PGP!!! The sender of a public message (publisher) adds an encrypted version of the message below his real text message using his private key. This is called signing a message. Provided you have the publisher’s public key, you can, in just one click, verify that the message came from Elon himself and not Parag A or Jack D trying to trip Elon up.

The same logic sent for text messages can be used for files broadcasted by senders.

‘Implementations’

Advert for Protonmail after they incorporated PGP

PGP is ostensible ‘implemented’ by many messaging platforms including Whatsapp and Protonmail. Whatsapp is actually suing the government over the issue in India, where the government wants

on the occurrence of any public emergency or in the interest of the public safety — if it is satisfied that it is necessary or expedient to do so, in the interest of the sovereignty, integrity or security of India, friendly relations with foreign states, public order, or preventing incitement to an offence, for reasons to be recorded in writing, by order — direct that any message or class of messages, to or from any person or class of persons received by any telecommunication services…

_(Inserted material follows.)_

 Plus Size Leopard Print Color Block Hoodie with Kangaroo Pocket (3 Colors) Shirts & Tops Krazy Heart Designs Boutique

to be able to decode messages sent. Basically, when they damn want, even before a crime has been committed.

Whatsapp is obviously not open source, however, even if these ‘implementations’ were open source, not many of us can go check their code to see if they have been faithful to our privacy. Moreover, I don’t think that Whatsapp, if faced by the choice of losing 500M Indian customers, would choose privacy over profit.

In other words, if you want to be sure of not being intercepted in your electronic communications, you should just use an open-source PGP client. Some Linux distributions come with PGP implementations out of the box.

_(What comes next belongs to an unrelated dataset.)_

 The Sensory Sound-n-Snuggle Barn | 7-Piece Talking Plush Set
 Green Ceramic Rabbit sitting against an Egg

Guide 1: I want to send a PGP encrypted message to X. Steps?

1. Find X’s public PGP key.

· If X doesn’t own one, call him up and tell him to download an open source not for profit PGP program (like Gpg4win) and make a key pair. He should post the public key to the public domain. You need to save this key.

2. Encrypt your plain-text message

· Use a PGP program to encrypt your message with the person’s public key. Now, only he has the power to read the message.

3. Send it any way you want.

· Your message, even if intercepted, is of no use to peeping Tom. It is gibberish. It is balderdash. It is the gobbledygook of a deranged mind. Only He with the Private Key can decipher it. As long as he doesn’t tell it to anyone, you are safe.

Guide 2: I want to verify a message, ostensibly from X. Steps?

1. Find X’s public PGP key.

· Download and save the key. If it is in text, you need to save it as .gpg

2. Decode the message

· Use a PGP program to decrypt his message. You will see if his message was encrypted with a key that you have saved on your computer.

Limitations:

1. The recipient betrays you (or is compromised)

· This one is obvious and applicable to any encryption. You send a cloaked message to X. X betrays your trust and tells Tom. Tom, who has a monopoly over violence, comes to your house, beats the hell out of you and then locks you up (or kills you). Tom also tortures you taking over your private key. Tch tch tch..

2. You don’t have the correct public key

· Tom impersonates X and makes a clever website which hosts a public key ostensibly belonging to X. You end up believing the key is X’s. Now you have sent a message that Tom can decode. If Tom was waiting for you to slip up, expect nasty visitors.

Other Salient points:

· You can encrypt a message with multiple keys so that it can be read by them all.

· Unless you list yourself as a recipient in your encoded messages, you will not be able to read what you sent before.

· You can generate a keypair with a validity so that messages written to you can only be decoded in a particular timeframe. This is always recommended if you want to send secrets.

· An alias is better than your real name if you want privacy.

· PGP stands for ‘Pretty Good Privacy’, which it is. It is essentially impossible for anyone, including the NSA to break PGP.